Soft oil favours consumer

  • The SA consumer will have had much needed relief from soft international oil prices incurring a cumulative reduction of R4,08/litre (for 95 unleaded) so far this year. The sharp drop in global oil prices, which has offset the weaker rand, resulted in the rand price of oil contracting by 41.6% y/y and 51.2% y/y in March and April respectively.
  • Still, despite weak global demand and global GDP destined for a deep decline this year, the oil price has recovered somewhat from USD$19.33/bbl as at 21 April. The global oil price is at USD$35,13/bbl currently, and averaged USD$26.63/bbl in April. This recovery, despite weak global demand, is attributable to oil crude production cuts. The OPEC + group had agreed in April to reduce crude oil production by 9.7mb/d, as of 1 May 2020, for the initial period of two months that will conclude on 30 June 2020. Per the agreement, for the subsequent period of six months, 1 July 2020 to 31 December 2020, the oil crude production cut will be 7.7 mb/d.
  • Oil is however likely to remain below its 2019 average of USD$64, averaging USD$50.5/bbl in 2021 and USD$55.00/bbl in 2022, per the Bloomberg consensus.

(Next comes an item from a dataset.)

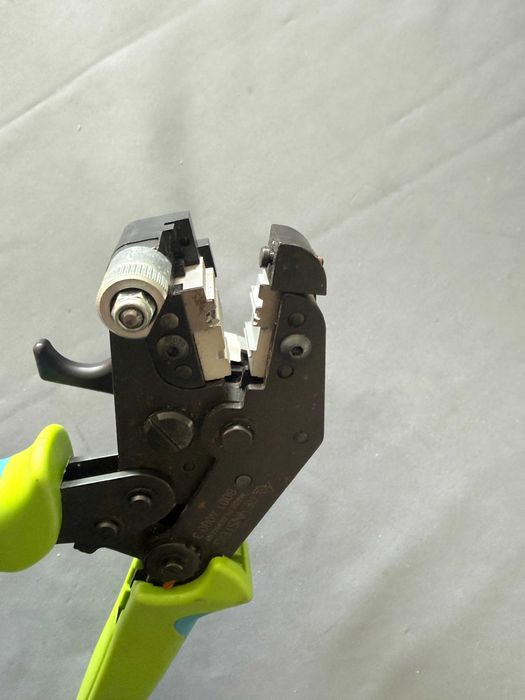 Cleste sertizare Rennsteig 8000 4000 3 – conectori FOC, 2.2 mm²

The SARB is assuming an average global oil price of USD$45.0/bbl for 2021 and USD$50/bbl for 2022.
  • Domestic fuel prices should therefore remain favourable, especially as we expect the rand to recover further as global financial turmoil eases, boding well for SA consumer price inflation and as the economy reopens, with consumers and businesses reaping the benefits of far lower fuel costs.